Committee member Andorra GhentA professor of finance at the University of Utah, who holds the US Ivory Boyer Chair in Real Estate, is a position partially awarded by Ivory’s philanthropic activities and did not attend the meeting on Wednesday.
After public testimony, Commissioner Brenda Scheer “seems to be a bit above” many comments on the project, which is equivalent to adding 11 more housing units that can be built under current zoning. Said.
“It’s a disaster, it’s destroying your personality, it’s a very high risk, it’s endangering your child, it’s exacerbating the Salt Lake Valley air pollution, or it’s changing diamonds. I don’t think it’s fair to a lump of coal, “Sheer said. “The family is very pleased to have the opportunity to live in a new home on Avenue.”
However, Scheer talks about placing dense developments in neighborhoods that are particularly difficult to walk and lack access to mass transit, concerns about losing wildlife habitat, and how to build new homes on slopes.
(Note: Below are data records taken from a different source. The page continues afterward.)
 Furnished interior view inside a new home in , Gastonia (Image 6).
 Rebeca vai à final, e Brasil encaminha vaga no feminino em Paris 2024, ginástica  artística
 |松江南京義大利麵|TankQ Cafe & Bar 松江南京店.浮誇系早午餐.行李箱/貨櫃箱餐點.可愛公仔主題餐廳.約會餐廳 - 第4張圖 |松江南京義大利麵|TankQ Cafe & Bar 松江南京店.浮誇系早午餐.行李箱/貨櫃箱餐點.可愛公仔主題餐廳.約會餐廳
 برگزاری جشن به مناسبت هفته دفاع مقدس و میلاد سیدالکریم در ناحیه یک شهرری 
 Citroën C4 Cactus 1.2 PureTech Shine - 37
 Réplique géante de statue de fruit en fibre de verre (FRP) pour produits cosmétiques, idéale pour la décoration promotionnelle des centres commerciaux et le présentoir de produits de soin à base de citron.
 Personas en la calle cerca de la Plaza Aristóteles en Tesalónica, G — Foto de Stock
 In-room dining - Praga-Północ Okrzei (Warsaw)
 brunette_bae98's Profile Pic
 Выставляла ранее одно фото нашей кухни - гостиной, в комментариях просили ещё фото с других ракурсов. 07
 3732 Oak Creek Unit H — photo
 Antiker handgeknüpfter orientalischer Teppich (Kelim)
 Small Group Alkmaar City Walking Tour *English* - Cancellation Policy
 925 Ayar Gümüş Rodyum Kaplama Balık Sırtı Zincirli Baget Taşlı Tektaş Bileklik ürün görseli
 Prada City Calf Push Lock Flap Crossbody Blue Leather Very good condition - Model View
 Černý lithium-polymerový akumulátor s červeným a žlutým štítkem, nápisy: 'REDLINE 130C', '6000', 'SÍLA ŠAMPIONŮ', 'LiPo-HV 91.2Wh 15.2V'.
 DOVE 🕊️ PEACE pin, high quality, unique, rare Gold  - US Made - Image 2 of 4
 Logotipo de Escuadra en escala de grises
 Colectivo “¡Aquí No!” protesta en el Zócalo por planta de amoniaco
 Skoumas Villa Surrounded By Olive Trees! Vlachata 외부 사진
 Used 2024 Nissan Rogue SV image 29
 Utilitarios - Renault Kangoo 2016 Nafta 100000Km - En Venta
He supported other concerns raised by the population.
Adrian Bell, a resident of Avenue, believes that the number of housing units proposed under special development zoning is “exorbitant and will not produce the impact we heard tonight.” Said not.
“I have a lot of faith in Infill, and every region of the city needs to find an opportunity to create dense alternative housing products,” Bell said.
Commissioner Aimee Burrows praised the involvement of the inhabitants and called the opposition well-organized, thoughtful and accurate. “It’s a good neighborhood,” Burroughs said. “No matter how many families move to this parcel, they are fortunate to welcome you as a neighbor.”